THERE was something special about being an American kid in 1969 and the several years that followed. We had heroes- real ones. We lived with pioneers- the kind who were willing to risk it all by sitting atop tons of steel and fuel in order to be propelled at incredible speeds through the sky, past the bonds of earth and into the threshold of the unexplored. These men were giants. We gathered in our homes and in our schools to watch them on television as they blasted off. We watched them floating weightless moments later. We watched breathlessly for days as they sped their way to the moon. And we were there when they stepped out upon the lunar surface for the first time and every time. We all wanted to be like them- pioneers, heroes, ASTRONAUTS!

It is just not the same today. So much is taken for granted. The Space Shuttle goes up and most of us are not even aware of it. We are shooting crews of people into space at great expense of steel, fuel, knowledge and courage. But most of us do not seem to notice it, especially our children. Maybe we need to make it mandatory that each generation has to make it to the moon by their own efforts. The former generation can instruct and guide them. But THEY have to get up the motivation, make the effort and get to the moon! If they do not do it, well, they do not get to be astronauts! Plain and simple! Get to the moon and back and you are one of us, kid! Or at least TRY!

decriver

WHICH brings me to another point. (I think I just made some kind of point so this would be considered another.) Why is it that some people do not TRY? Why do they not make an effort? At least if you try you can say that you cannot do it. But more than likely you will find that you can do it, if you try. But some people do not even have a desire to do it. They are miles away from trying.

Recently I was with a friend who was complaining that it was too cold out. I asked, “How will you ever climb a mountain if you cannot endure the slightest chill?” My friend looked at me with confusion for a moment and then asked, “Why do I have to climb a mountain? What mountain?” I said, “Any mountain! How could you not want to climb a mountain? That is what mountains are for- climbing!” “But I do not want to climb a mountain!” I said, “Sooner or later everyone is confronted by a mountain. It is inevitable. Then you will have to decide to either climb it or turn around and go back.” To which the reply was “You’re weird. There are no mountains. I don’t have to climb them.” Hmmm… Still reading that teenage manual I guess.

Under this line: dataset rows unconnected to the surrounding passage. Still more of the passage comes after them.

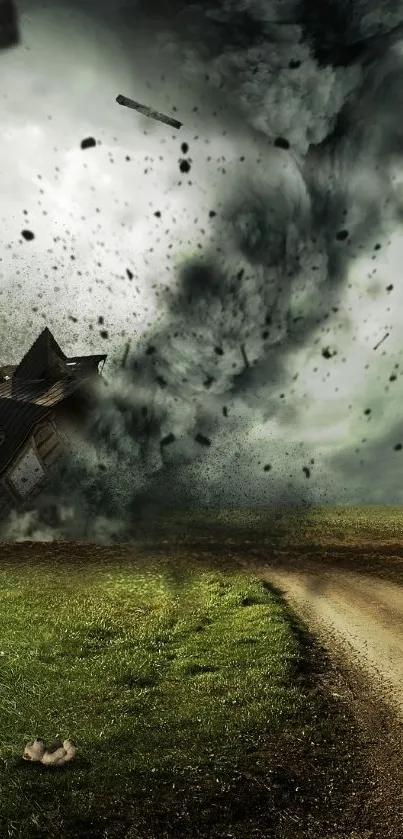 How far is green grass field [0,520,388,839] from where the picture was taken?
860cm

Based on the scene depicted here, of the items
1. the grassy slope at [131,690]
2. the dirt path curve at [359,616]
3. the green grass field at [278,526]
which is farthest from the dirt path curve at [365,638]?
the green grass field at [278,526]

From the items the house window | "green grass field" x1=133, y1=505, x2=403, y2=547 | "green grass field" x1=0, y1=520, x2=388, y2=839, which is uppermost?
the house window

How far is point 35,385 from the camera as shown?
33438 mm

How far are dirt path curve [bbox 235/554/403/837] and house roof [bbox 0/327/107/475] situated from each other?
14.3 m

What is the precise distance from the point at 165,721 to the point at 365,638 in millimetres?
7676

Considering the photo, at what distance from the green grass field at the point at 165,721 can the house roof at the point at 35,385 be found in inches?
427

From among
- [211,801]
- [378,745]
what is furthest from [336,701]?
[211,801]

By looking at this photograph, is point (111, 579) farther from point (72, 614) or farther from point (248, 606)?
point (248, 606)

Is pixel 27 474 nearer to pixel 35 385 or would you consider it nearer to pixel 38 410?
pixel 38 410

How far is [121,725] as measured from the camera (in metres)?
11.0

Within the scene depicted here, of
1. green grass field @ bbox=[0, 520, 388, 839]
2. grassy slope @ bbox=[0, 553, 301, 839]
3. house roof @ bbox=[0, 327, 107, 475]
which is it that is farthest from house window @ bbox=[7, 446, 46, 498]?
green grass field @ bbox=[0, 520, 388, 839]

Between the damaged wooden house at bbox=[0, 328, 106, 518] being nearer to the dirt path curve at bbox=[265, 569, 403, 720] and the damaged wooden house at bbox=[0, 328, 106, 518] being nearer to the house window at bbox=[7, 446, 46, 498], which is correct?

As for me, I want to be an astronaut! I will not be denied. I will climb all the mountains between here and the moon if I have to. That is what they are there for. How quickly the hardships of the climb seem almost trivial when I get to the top and take in the view! How close the moon is when I reach the mountain’s summit and gaze up into the open sky! With each successive hike I inch my way a little higher. And when I finally make it to the moon I will just start climbing the mountains there.

SO what am I saying in all of this? Am I just weird? No, I do not think so. You see it is all about perspective and attitude. Is a mountain an obstacle or a route to something higher, better and nobler? Should I resign myself to the acceptance that the mountain is bigger and stronger than I am or should I determine to beat the mountain and make it to the top even if I die trying? Should I let the mountain crush me into non-existence or should I fight, struggle, sweat, bleed or whatever it takes to conquer it, put my foot on its throat and laughingly declare, “Ha! I am the king of the hill!”

I wonder if these were the things that the mother was really pointing out to her daughter tonight. More power to her! All I know is that if she would have turned to ME and said, “Sir, look! There is Saturn!” I would have said with a grin, “Last one there is a rotten egg!” And off I would go!